2011-08-23(火) 22:03:21 [削除依頼]



大好きな彼が紡いだのははどう考えても拒絶の言葉。


      
  • 2 柚子 id:1xSwn1r/

    2011-08-23(火) 22:08:56 [削除依頼]

    1、コーヒーはぬるく、甘く。
  • 3 柚子 id:w2MCkJM.

    2011-08-24(水) 08:31:33 [削除依頼]

    「あんた分かってんの、綺夏」

    唐突にあたしを指さしたのは美月ちゃん。学校の教室でお弁当をつついていた箸の先をくるりとあたしに向けたところをみると、彼女はご立腹な様子。や、怒られる意味分かんないんだけど。
    外はむしむし暑く、あーもう、夏ってやだなーって思うくらいで。あたしはだらんとつっぷしていた体をあげると美月ちゃんを頬杖付いてみた。

    「うーん」

    みーんみーん、と蝉の鳴き声がうるさくて、あたしはまた横になりたい衝動に駆られて欠伸を一つ。眠いから話早くねっていうメッセージ、きちんととどいてるといいけど。

    「伊川くんのこと」
  • 4 柚子 id:w2MCkJM.

    2011-08-24(水) 22:25:57 [削除依頼]
    ぴーぴーっ。受信失敗です。この話題は長いって。

    「ちゃんと考えてあげな、ね」

    ね、だけ半音あげてあたしを上目遣いで見る。ツヤツヤ黒毛ロングがゆれた。う、可愛い、反射的に頷きそうになる。反則だよ、その顔ー。危ない危ない。

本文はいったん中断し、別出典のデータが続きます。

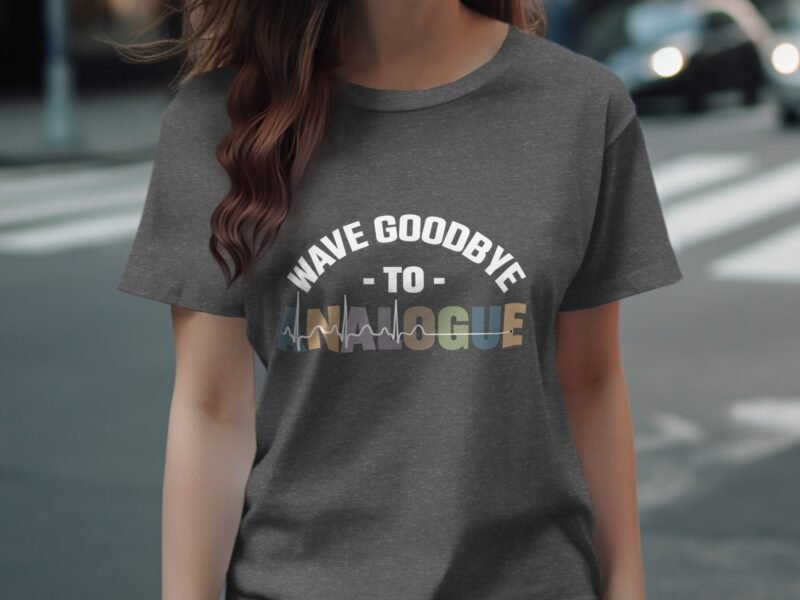 Person wearing a gray t-shirt with the phrase "WAVE GOODBYE TO ANALOGUE" in colorful text and sound wave graphics.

    「伊川君ねぇ。うーん、でも別にあたしあの人のこと好きじゃないよ」

    「はんぁっ。勿体無いっっ。学園の王子様だよ。それがあんたをすきっていったんだよ。本来ならあんたが土下座してたのむ立場でしょおおおおおお」

    あたしは昨日隣のクラスの伊川正吾君に告白された。彼は美月ちゃんの幼なじみで、美月ちゃんは、伊川君のことを応援してるんだろう。きのうからかなりプラス補正され、歪んだ彼情報があたしの耳にはいる。
  • 5 柚子 id:YAT4Vzr/

    2011-08-25(木) 15:19:23 [削除依頼]
    ただ、まぁ王子ってのは本当で。伊川君は結構、というかかなり告白される。らしい。ただ、一度も彼女をつくったことが無く、男が好きなんじゃないかって噂がある。らしい。
    と、自分で言っても悲しくなるくらいにあたしは彼のことに対して興味が無かった。ただ、有名人だから、たまにきかなくても噂が耳にはいるだけ。なんで彼はこんなあたしを好きになったんだか、頭の隅々まで見渡したって思い当たる節なんかない。

    「でも、もう断っちゃったし」

    あたしがどうでもよさそうな声で言うと美月ちゃんはいちごみるくの紙パックをずずーっとすった。そして45度首を傾ける。

    「何でよ。もしかして綺夏まだ……」

    あたしがよほど怖い顔していたせいか、美月ちゃんは口を噤んだ。そうそう。それは禁句だよ美月ちゃん。
  • 6 柚子 id:YAT4Vzr/

    2011-08-25(木) 16:08:23 [削除依頼]
    あたしが暫く黙っていると、美月ちゃんは急に手をあわせてきた。

    「ごめんっっ」

    本気で悪いと思っている顔だった。

    「…………」

    でもあたしはいいよとも言えず曖昧に笑う。ごめん美月ちゃんと心の中で謝る。声に出さないと伝わらないってこと痛いほど知ってる筈なのに。
    もう、一年。まだ、一年。彼の隣にいれなくなってからあたしの毎日は色あせて。気づけばもう長いような短いような一年がいつの間にかすぎていたんだ。目の前にあったコーヒーパックをぎゅっと潰す。濁ったコーヒーが机に垂れ、甘苦い香りがした。いつものんでるよね、それ。と美月ちゃんが少し強ばった笑顔で言う。あたしはやっぱり曖昧に笑うことしかできなかった。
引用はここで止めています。